Speaking to Retail Week in an exclusive interview on the first day of Retail Week Live where he made the keynote address, Clarke said Tesco was a leader in the first curve – the bricks and mortar era – and now the grocer “has to take the lead in reshaping the industry again” with the second curve of the bricks and clicks era.
He said: “I was at Cockfosters yesterday to experience our click, commute and collect. I’m speaking to you on the 25th anniversary of the internet, and who would have thought 25 years ago that you would be able to pick up your groceries at a tube station.”
“This is the multichannel chapter. When we look back, we will see that the company changed to reflect the new world order. It will be painful, but it’s the right thing for our customers and investors.”
Clarke said he believed The City and investors understand his strategy. “Analysts seem to have described exactly what we’re trying to do. We’re clear and we don’t have much more to change beyond accelerating our strategy.”
He said Tesco is strengthening the existing business, and accelerating the rate of improvements made online. “Every business is at different stages but the direction of travel is clear. There are seismic changes happening in our sector, and in other sectors such as newspapers, and each business needs to decide its strategy.”
“There are seismic changes happening in our sector, and in other sectors such as newspapers, and each business needs to decide its strategy”
Philip Clarke, Tesco
Clarke said it is essential that each business has the skills for the new era. He said for Tesco it is important to have people experienced in the first curve and the second.
He likened Tesco’s team to that of Liverpool – the football team Clarke supports – and said: “The manager of my football club Brendan Rodgers would say that he needs to strengthen the squad, but he’s second or third and challenging for the top position and fans are daring to dream they are leaders in the premier league.
“We’ve got incredible strength – some of the team have been there 30 years and some a year – but we’re always looking for new talent. Rodgers is thinking ‘I have Sturridge, Suarez and Sterling, but I want more’ and we’re always looking for more.”
Tesco revealed at its investor day last month that it would invest £200m in price and a further £200m in a FuelSave offer which went nationwide today. When asked whether that was enough to fight the discounters, Clarke said: “What we know is you have to differentiate, innovate and create. Look at Barnes & Noble and Nook and the challenges they are facing. It had to completely reinvent itself against Amazon.”
He added: “Other retailers will not launch a current account, digital wallet, ebooks, 3,000 click and collect locations and have businesses such as Harris & Hoole, Giraffe – it’s all about differentiation.”

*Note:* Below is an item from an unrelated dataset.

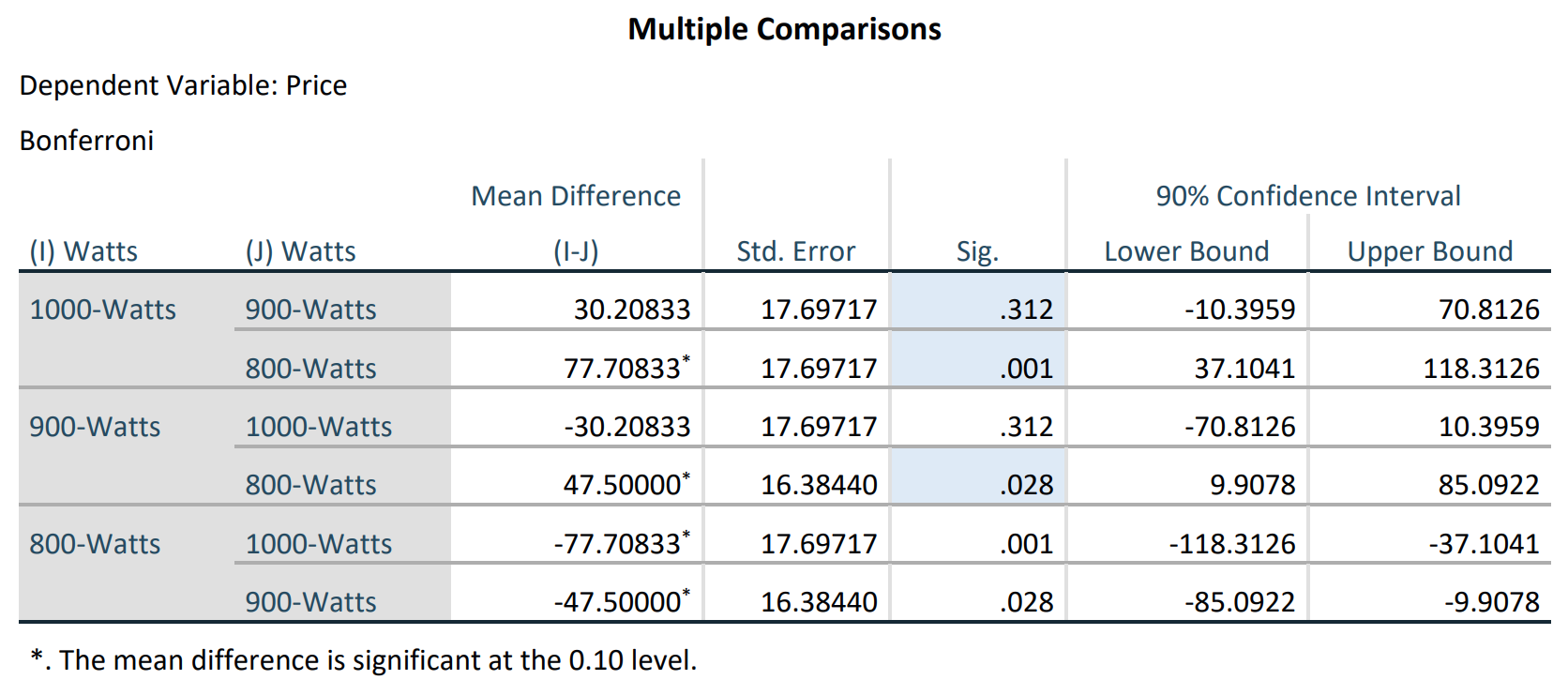 SPSS-generated Multiple Comparisons table for microwave data.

He said that while Tesco had acknowledged it needed to be sharper on price, it was part of the overall mix and not the only reason shoppers will shop with the grocer. “I’m not in the business for market share. When I called an end to the space race that obviously meant we would lose some market share but my job is to see Tesco through to its next period of growth.”

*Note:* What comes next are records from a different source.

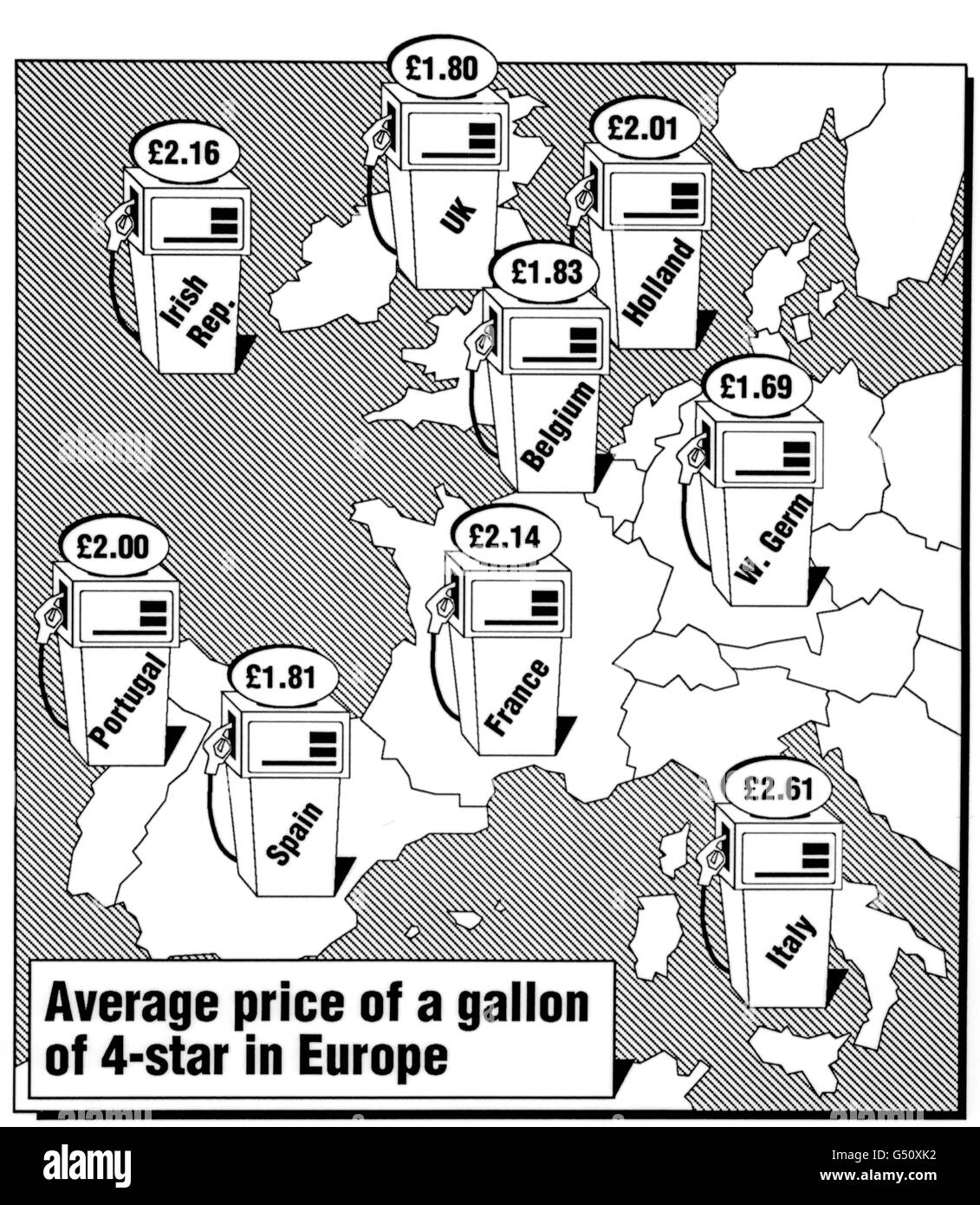 Graphic showing the average price of a gallon of fourstar petrol in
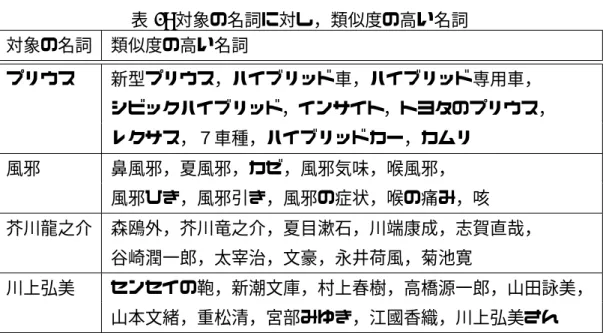 表 2: 対象の名詞に対し，類似度の高い名詞 対象の名詞 類似度の高い名詞 プリウス 新型プリウス，ハイブリッド車，ハイブリッド専用車， シビックハイブリッド，インサイト，トヨタのプリウス， レクサス，７車種，ハイブリッドカー，カムリ 風邪 鼻風邪，夏風邪，カゼ，風邪気味，喉風邪， 風邪ひき，風邪引き，風邪の症状，喉の痛み，咳 芥川龍之介 森鴎外，芥川竜之介，夏目漱石，川端康成，志賀直哉， 谷崎潤一郎，太宰治，文豪，永井荷風，菊池寛 川上弘美 センセイの鞄，新潮文庫，村上春樹，高橋源一郎，山田詠美， 山本文
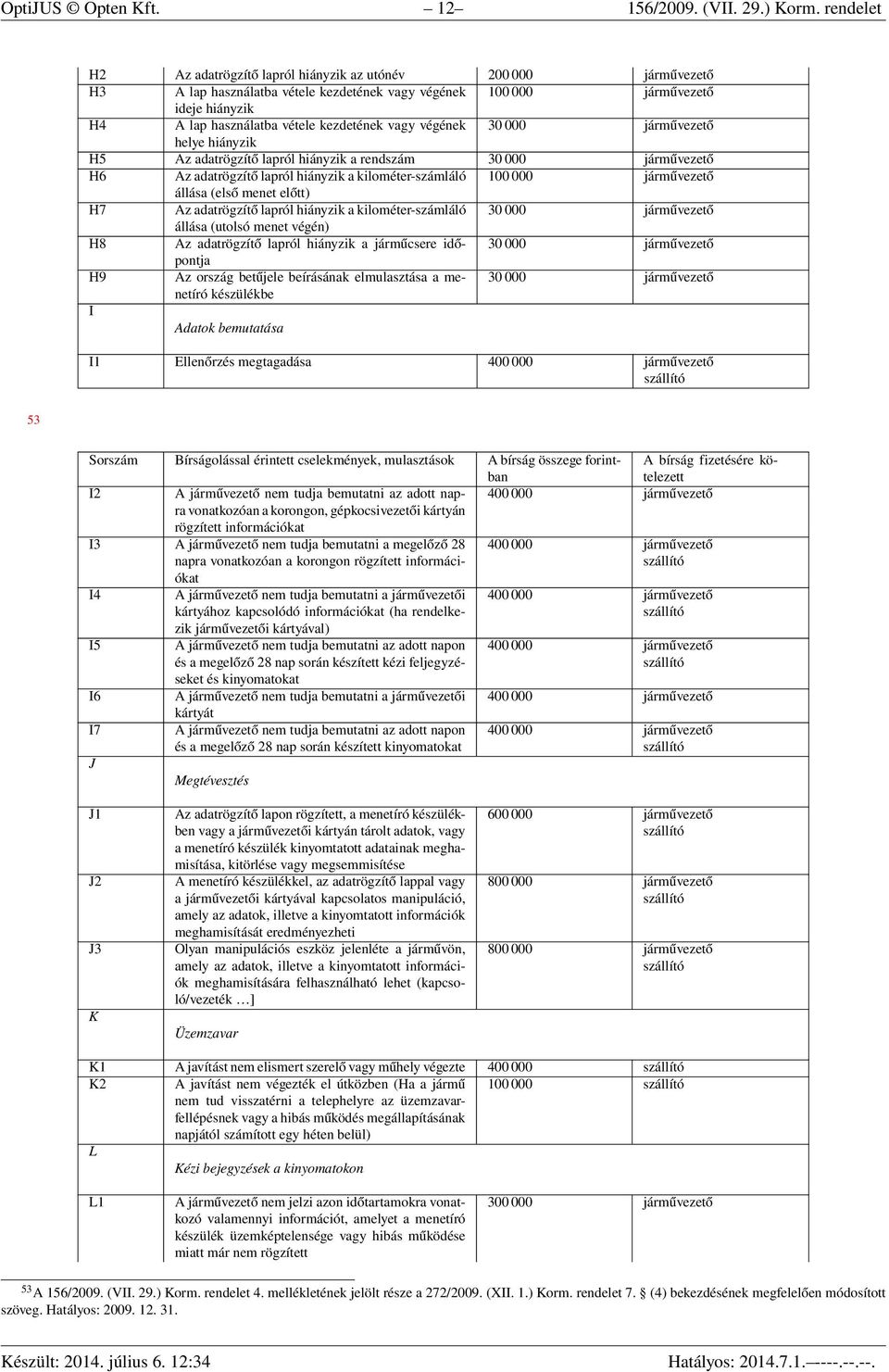 Az adatrögzítő lapról hiányzik a rendszám H6 Az adatrögzítő lapról hiányzik a kilométer-számláló 100 000 állása (első menet előtt) H7 Az adatrögzítő lapról hiányzik a kilométer-számláló állása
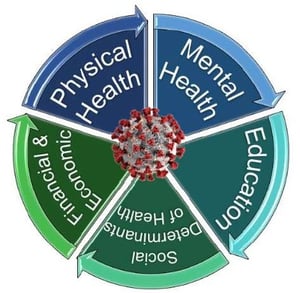 covid impacts wheel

Clarke said he is confident his strategy is the right course for Tesco and that while the rapid pace of change means it is difficult to see what shoppers might want in the future, he is setting the business up for the new era.
He said: “All our store overhauls will be completed in three years and the larger stores we will do in 2016 might be different to our first – in Watford – but we believe we have the right mix now of casual dining, F&F clothing, home and a focus on fresh food.”
Clarke said that he does not want to buy any more businesses such as Giraffe. He said: “We have a stable of family dining and we don’t need any more. What I need is for innovation and creativity to keep flowing from them. We’re opening a craft bakery in south east London, it’s being commissioned as we speak, and that’s the sort of innovation we need.”
Clarke, who has been with Tesco for 40 years and was part of the management team under former boss Sir Terry Leahy, said he had no regrets about the previous strategy that included a focus on opening big box stores, which it is now overhauling to compete in the changed world. “At that time, the Prime Minister and Chancellor said there would be no more booms and busts, just growth. But the world changed, and who could predict that. I only look back to learn, my job is to look forward.”